OK, can you please tell me the name of the application that places the command prompt in the upper left hand corner of the screen.Believe it or not, I've been searching for it for a few weeks now, and haven't been able to find it.

Great article, by the way.

Thanks! Tex

re: Command prompt question

Yes, that is Eterm. It's a flexible terminal emulator, much like xterm, konsole (for kde), or gterm (for gnome). When you open Eterm as default, it will look much like xterm and you will need to add some start-up options to the command to get it to look like it's just a "command prompt on the desktop." I use the following in a little file and execute that instead of using it as a command each time. Save it as whatever you wish and chmod a+x. You can play around with the fonts and whatnot to customized as desired. For example:

Eterm --trans -g 75x25 -f white -F '-*-lucidatypewriter-medium-r-normal-sans-16-*-*-*-*-*-*-*' -O --tint=#ffffff --shade 0 --borderless --scrollbar-popup --scrollbar-floating --scrollbar no --double-buffer -a "toggles buttonbar false"

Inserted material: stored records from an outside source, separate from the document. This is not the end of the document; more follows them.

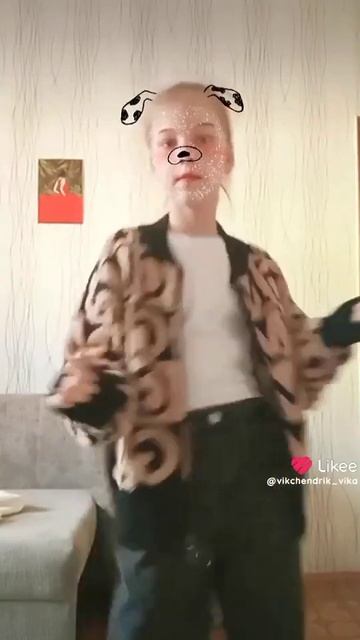 Сей сей сей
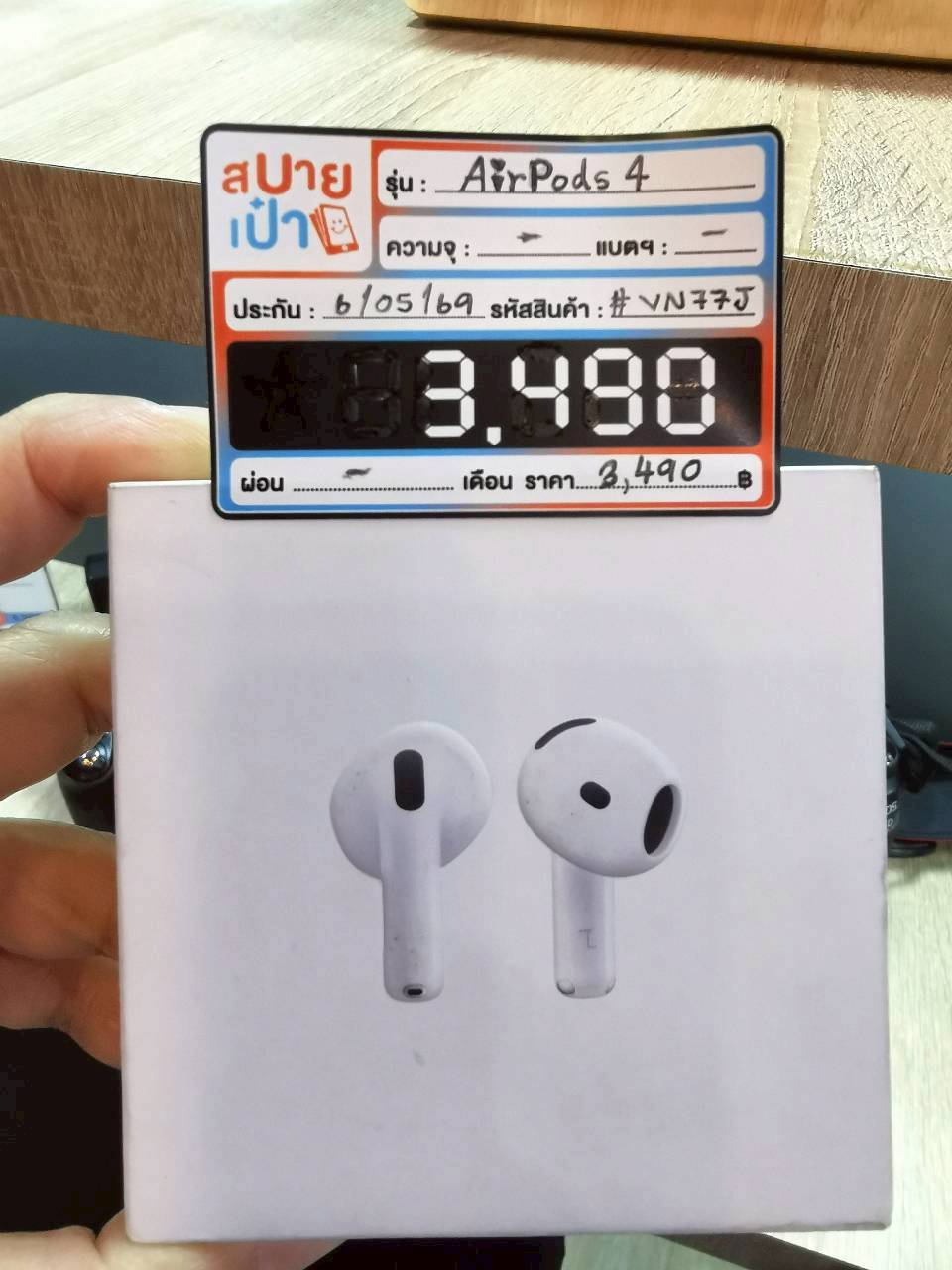 AirPods 4
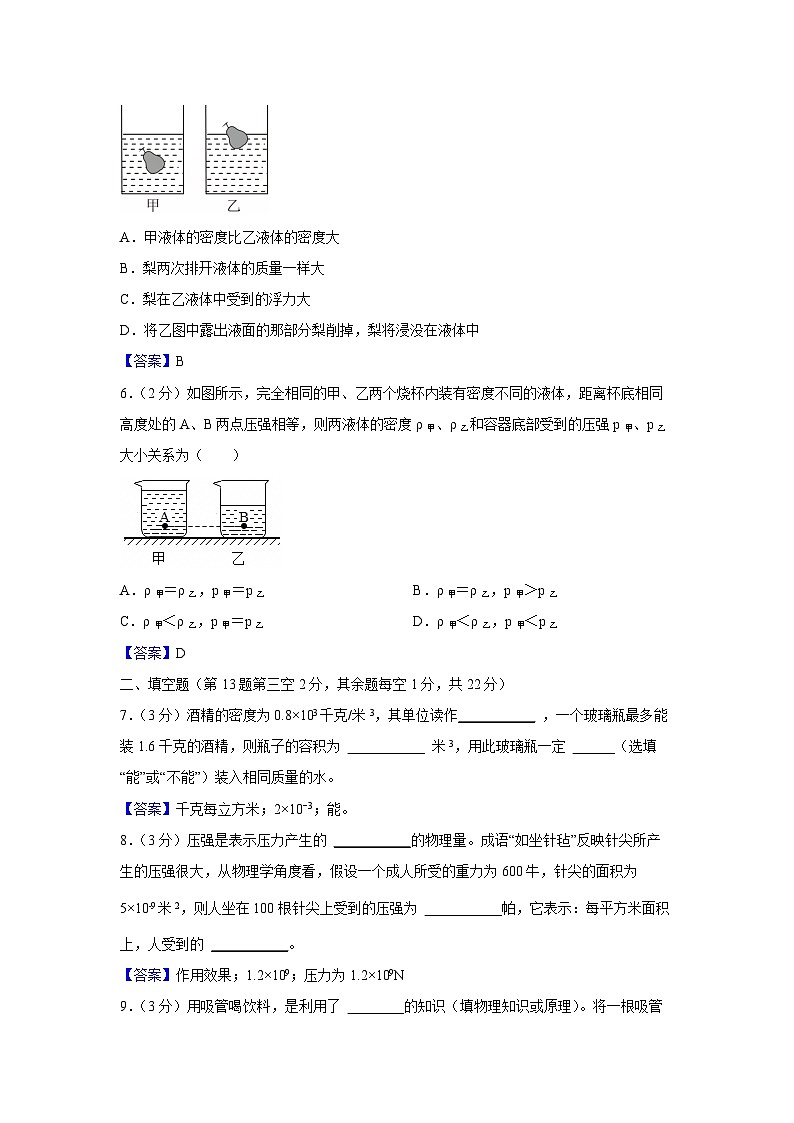 上海市奉贤区2024-2025学年八年级下学期期中练习卷物理试卷（解析版）第2页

if you have terminus fonts installed, it looks much nicer:

Eterm --trans -g 75x25 -f white -F '-*-terminus-*-*-*-*-20-*-*-*-*-*-*-*' -O --tint=#ffffff --shade 0 --borderless --scrollbar-popup --scrollbar-floating --scrollbar no --double-buffer -a "toggles buttonbar false"

hth. Smile


Thanks a lot for the article! I have been using KDE up until now (new to linux though) and was looking for a good distro to use Fluxbox on. Just wondering if you have any recommendations? (would prefer to do a painless installation (no compiling please Smile)

Anyways, thanks again, great article.


re: fluxbox distro

A lot of them have it or have it in their repository. There aren't a lot out there that just have or specialize in the fluxbox desktop, except maybe Fluxbuntu Linux. Fluxbox runs well on about anything.

What are you currently running?


At the moment I have been trying out some different distros. Ubuntu, Debian, Slackware, Gentoo, PCLOS etc. (but have had little time with each of them) but mostly with KDE or Gnome. I am going to try out Sabayon today with seems to have Fluxbox as an option for default on installation.


Any d/l link for that icon set?

I've been looking all over for it and can't find a tarball or other archive. The old links to it on no longer seem to work. It's a very nice icon set!

re: icons?

I got 'em Here, it should be all of 'em. Only thing is, I don't think there is a theme file for kde or anything. If I recall, it's just the icons.

Thanks very much!

And there's more added to the Gentoo collection, by Wolvix, on his site, as well as user-contributed ones in this Gentoo Forum thread.

And to anyone interested in Fluxbox, you might want to check out Damn Small Linux and its slightly bigger brother, Damn Small Linux Not, both tiny (50 - 100 MB) Debian-based live CDs whose main UI is Fluxbox. A good way to look at working configuration files.